第二天早上大约九点钟,就可以看到三个寂寞的身影小心谨慎地踩着沙洲和踏脚石,穿过施瑞堡河。这是一条水声喧嚣的浅浅溪流,即便是吉尔,也只是湿到膝盖以下就到达了北岸。过了河再走五十码,地势开始变高,这里便是荒原的边缘了,到处都非常险峻,还有很多悬崖峭壁。

“我觉得那就是我们的路了!”斯克罗布指着左面朝西的地方,那里有一条溪流沿着一道浅浅的河谷穿过荒原顺流而下。但是沼泽怪摇了摇头。

“巨人们主要居住在那道河谷沿岸。”他说,“你可以说那道河谷就是他们的街道。我们最好一直朝前走,尽管这边有点儿陡。”

他们发现了一个可以往上爬的地方,大约十分钟后,他们爬到了坡顶上,三人都气喘吁吁的。他们回头遥遥望了一眼纳尼亚的谷地,然后又转头面朝北方。广袤而孤寂的荒原伸展着,望不到边际。他们左侧的地面上岩石嶙峋。吉尔觉得那边肯定是巨人河谷的边缘,所以不太想往那个方向看。他们就这样出发了。
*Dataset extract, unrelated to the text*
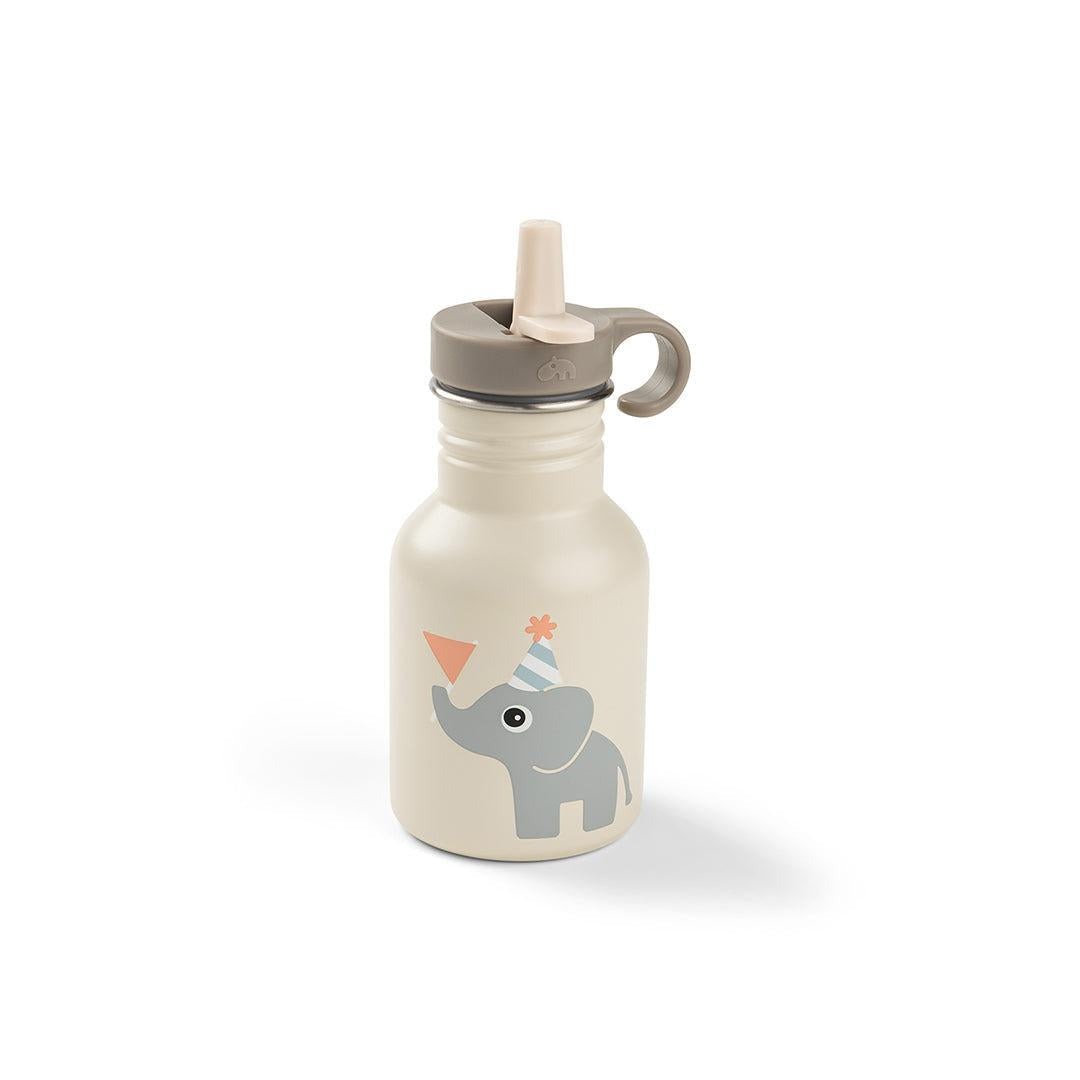 Done by Deer Metal Bottle - Celebration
这儿的土地松软有弹性,路况良好,走起来非常舒服,整天都有冬季的阳光淡淡地照射着。他们往荒原深处走得越远,孤寂的感觉就越强烈,时不时可以听见田凫的叫声,或是看到一只鹰飞过。上午过半时,他们停下来休息了一会儿,从一条小溪边的小浅坑里取了一些水喝,吉尔感觉她终究还是喜欢冒险的,便跟大家这么说了。

“我们还没有开始冒险呢。”沼泽怪说。

第一次休息之后再继续上路——就像在学校里早上休息过后,或铁路旅行中换车后那样——绝对不会和最初时一样了。当他们再度出发,吉尔注意到河谷岩石嶙峋的边缘离他们越来越近了。而且那些石头比起之前看到的,也不那么平坦了,直上直下的。实际上,那些岩石就像一座座小石塔。那些岩石的形状多有趣啊!
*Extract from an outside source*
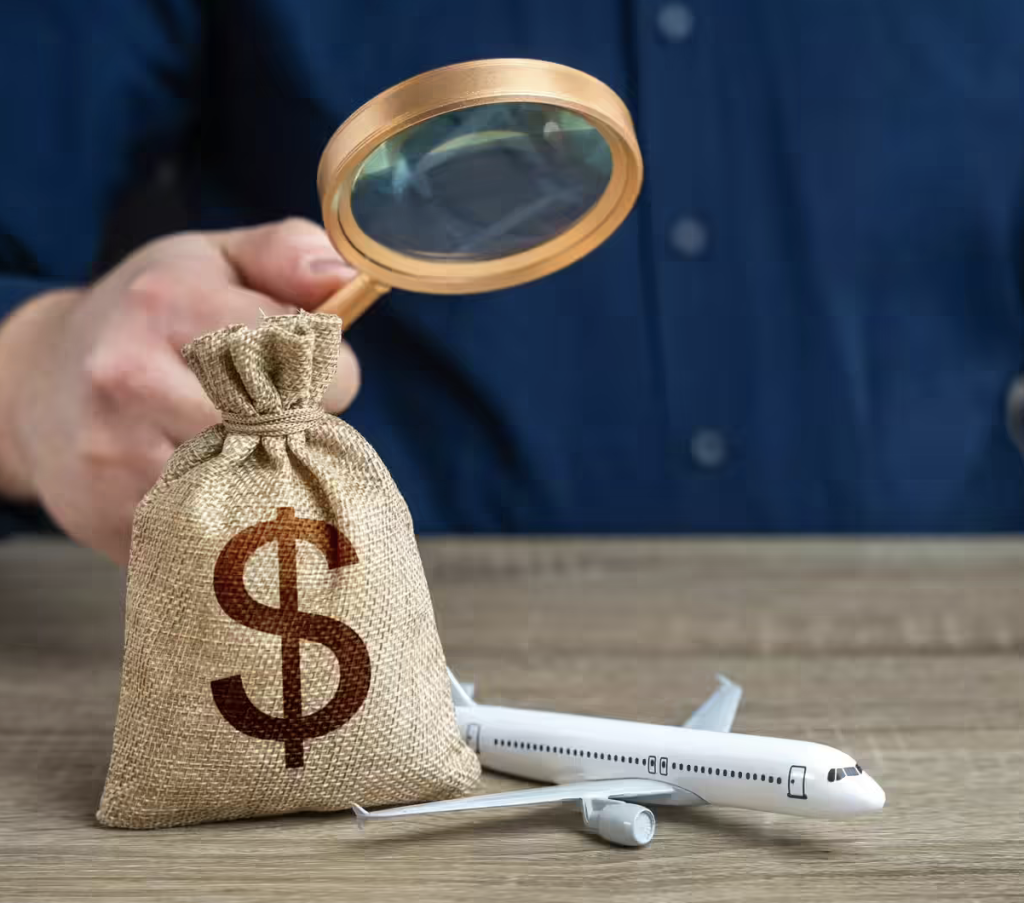 Germany Considers Elimination of Air Traffic Tax Increases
“我相信,”吉尔想,“凡是关于巨人的故事,都可能起源于那些奇怪的石头。如果你在天半黑时沿着这里前行,你很容易就误认为这一堆堆的石头是巨人。看看那一个啊!你几乎可以认为顶上的那一大块是个脑袋。虽然相对身体来说这脑袋有点儿太大了,但对一个丑陋的巨人来说却刚好合适。还有,那边那些灌木——我觉得是石南花和鸟巢,真的——但很适合想象成头发和胡子。两边支出来的东西真的很像耳朵。真是大得吓人啊,但是我敢说,巨人就是有大耳朵,像大象一样。还有,哦哦哦!……”

她的血液仿佛结了冰一般,那个东西动了。那就是一个真正的巨人,一点儿没错,她看到他转过了头。她看到了那张硕大而愚蠢的鼓着腮帮子的脸。所有那些东西都是巨人,不是石头。他们共计有四五十个,站成一排,显然是脚踩着河谷的底部,手肘搁在河谷的边缘上,就像人靠着矮墙站的样子——像那些慵懒的人,在一个晴朗的上午吃了早饭后的那副模样。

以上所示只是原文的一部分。